> **TASK OBJECTIVE**: Below are records; print only the lines from the line containing "Gros caractères Bible" to the end, both included, reproduced exactly and without the pictures.

> **MATERIAL PROVIDED**:
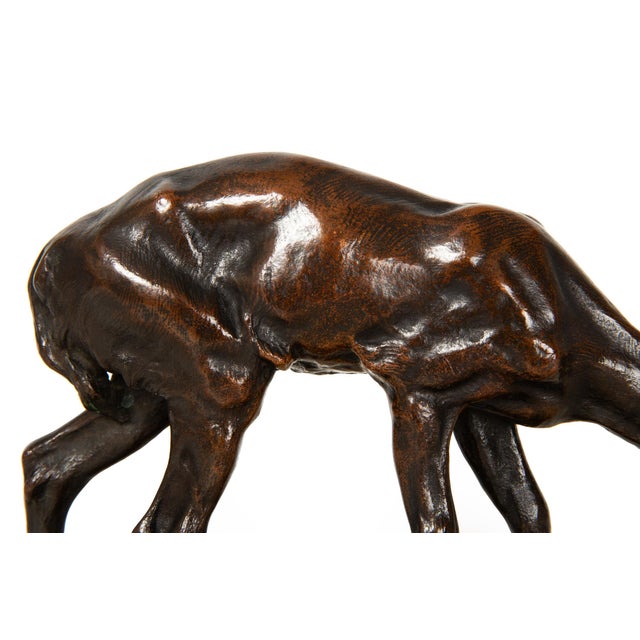 Fine American West Bronze Sculpture “Fawn” by Alexander Phimister Proctor For Sale - Image 10 of 12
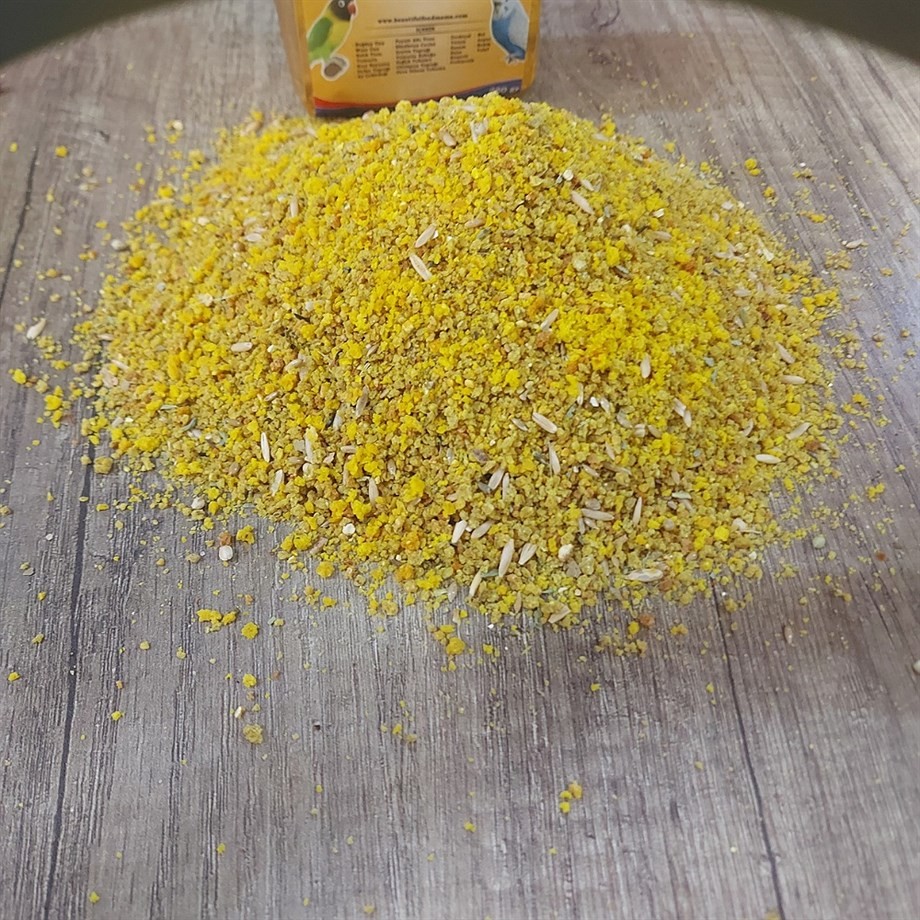 Beautiful Food Ballı Yumurtalı Kuş Maması Kuş Yemi 1Kg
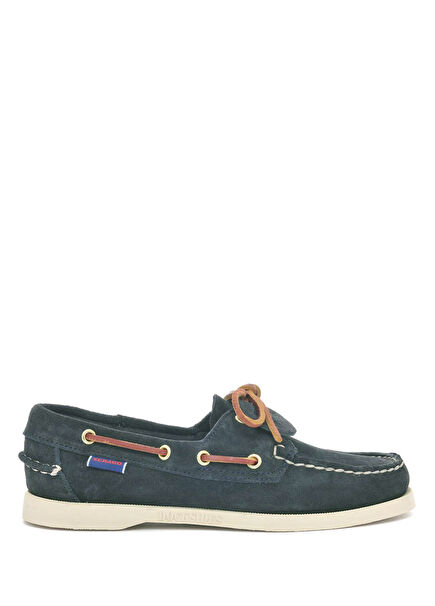 Portland Artisan Lacivert Kadın Süet Loafer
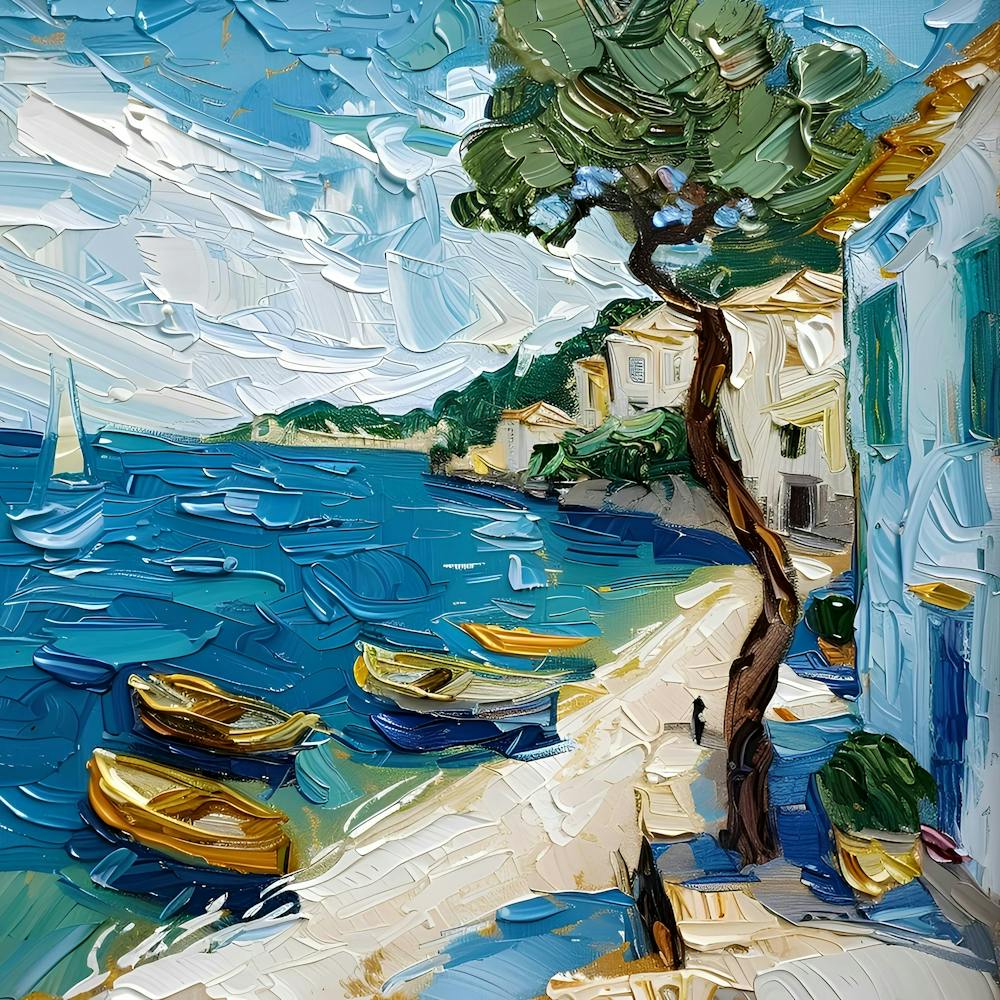 Boats On The Beach Mallorca, Spain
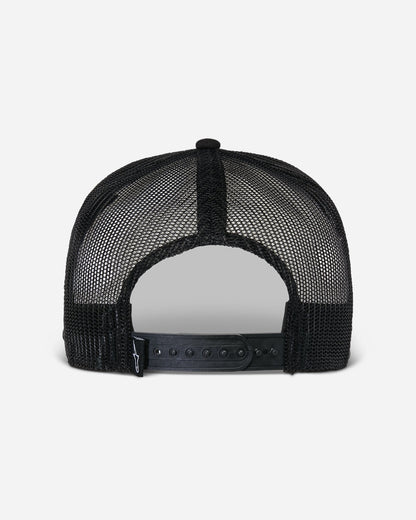 Casquette Trucker Alpinestars Flag Flat - Noir/Noir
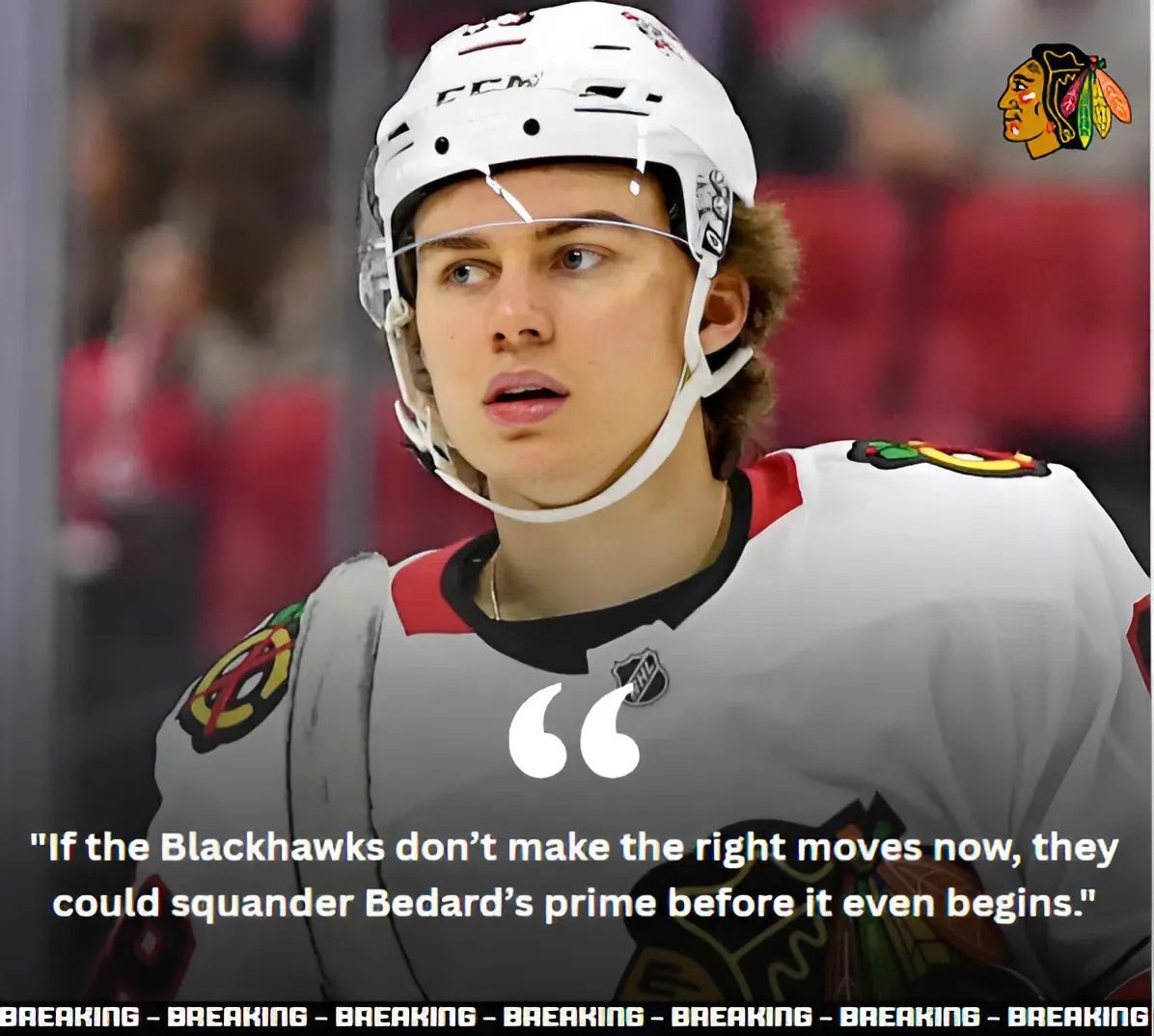 Blackhawks need to stop wasting Connor Bedard’s prime years before they start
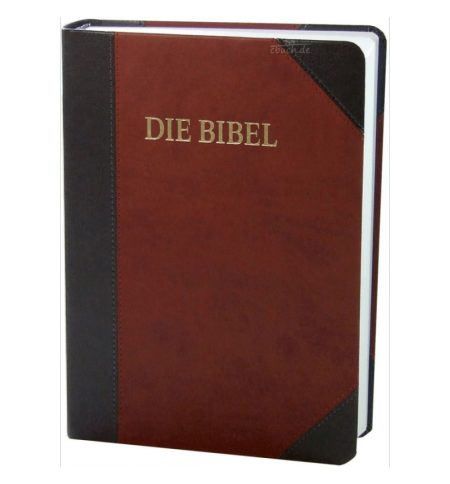 Bible Schlachter 2000 - Duo gris brun Reliée Gros caractères Bible Schlachter 2000 - Duo gris brun Reliée Gros caractères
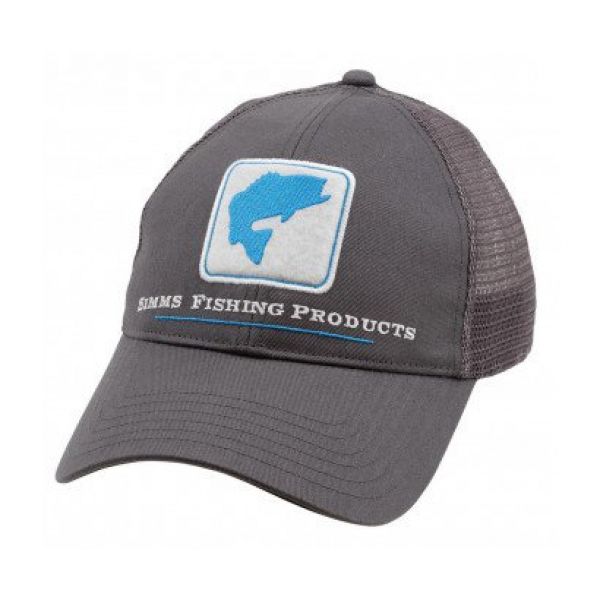 Simms Bass Trucker Cap - Anvil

> **TASK OUTPUT**:
 Bible Schlachter 2000 - Duo gris brun Reliée Gros caractères Bible Schlachter 2000 - Duo gris brun Reliée Gros caractères
 Simms Bass Trucker Cap - Anvil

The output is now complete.